A white stone path that began at the door ran past the well, and I had followed it for a considerable distance when I was startled to see someone in white coming toward me, carrying what looked like a raised umbrella. Then I heard the figure call, in Aimee's voice, “David, is that you?”

As she came closer, I could see that she really was carrying an umbrella, and a pail of water besides. Her white dress, I knew, was mourning attire. “The dead must be washed with water drawn at night,” she said when I asked what she was doing. “The water must not be touched by the light of the sky, even the night sky. It is a custom.”

We walked back to the door of the main courtyard together, past the bamboo and the trees and the horses. I wanted to say something comforting, but Aimee looked capable and in control of herself, and I could think of nothing that seemed right. When we had gone through the door, I heard weeping and chanting. Aimee stopped, and then suddenly began crying, “Ai ya! Ai yo!” and went toward the main hall. I followed, feeling bewildered and wondering if, as Fourth Brother, I should cry out, too.

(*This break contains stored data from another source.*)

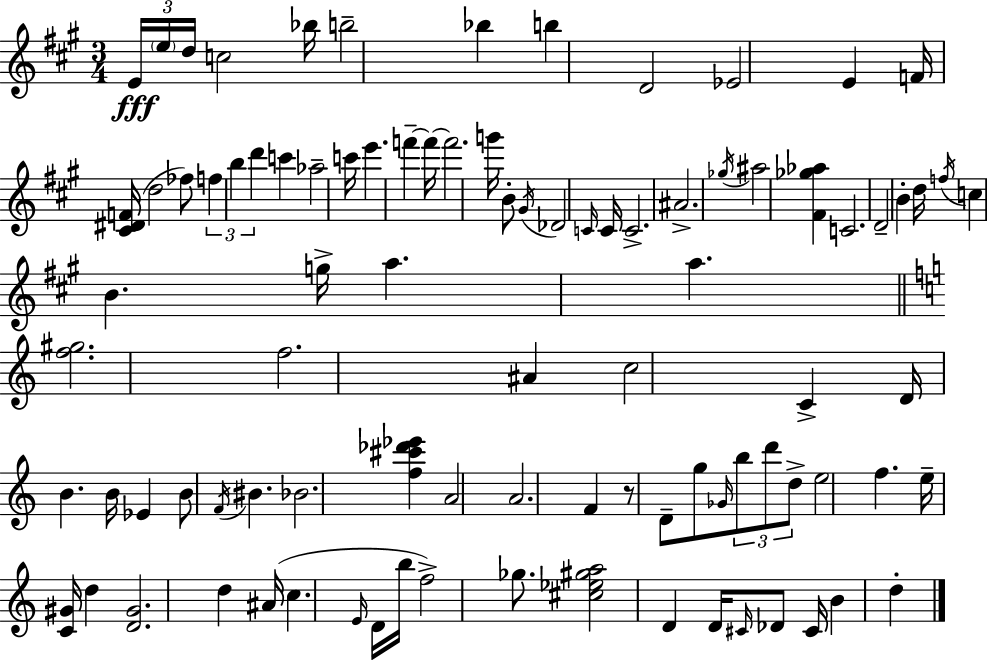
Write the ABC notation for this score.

X:1
T:Untitled
M:3/4
L:1/4
K:A
E/4 e/4 d/4 c2 _b/4 b2 _b b D2 _E2 E F/4 [^C^DF]/4 d2 _f/2 f b d' c' _a2 c'/4 e' f' f'/4 f'2 g'/4 B/2 ^G/4 _D2 C/4 C/4 C2 ^A2 _g/4 ^a2 [^F_g_a] C2 D2 B d/4 f/4 c B g/4 a a [f^g]2 f2 ^A c2 C D/4 B B/4 _E B/2 F/4 ^B _B2 [f^c'_d'_e'] A2 A2 F z/2 D/2 g/2 _G/4 b/2 d'/2 d/2 e2 f e/4 [C^G]/4 d [D^G]2 d ^A/4 c E/4 D/4 b/4 f2 _g/2 [^c_e^ga]2 D D/4 ^C/4 _D/2 ^C/4 B d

The whole family and about twenty Buddhist monks were gathered in the hall. Aimee folded her umbrella and surrendered her bucket to one of her aunts, who carried it away. The relatives, including a number of people I had never seen before, were dressed in unhemmed gowns of unbleached muslin and were moaning and wailing. The monks were chanting the Feast of the Dead, and were making a good deal of noise with gongs, wooden blocks, and bells. Aimee brought me a white sash and tied it around my waist under my suit coat, and told me to sit down. The only people making no outcry or other noise were the servants. I saw one of them going out of the hall with the rusty ice-cream freezer in his arms. The sock-knitting machine was already gone. Other servants were cleaning, laying carpets, or polishing furniture. The wall mirrors, of which there were many, had been covered with sheets of white paper.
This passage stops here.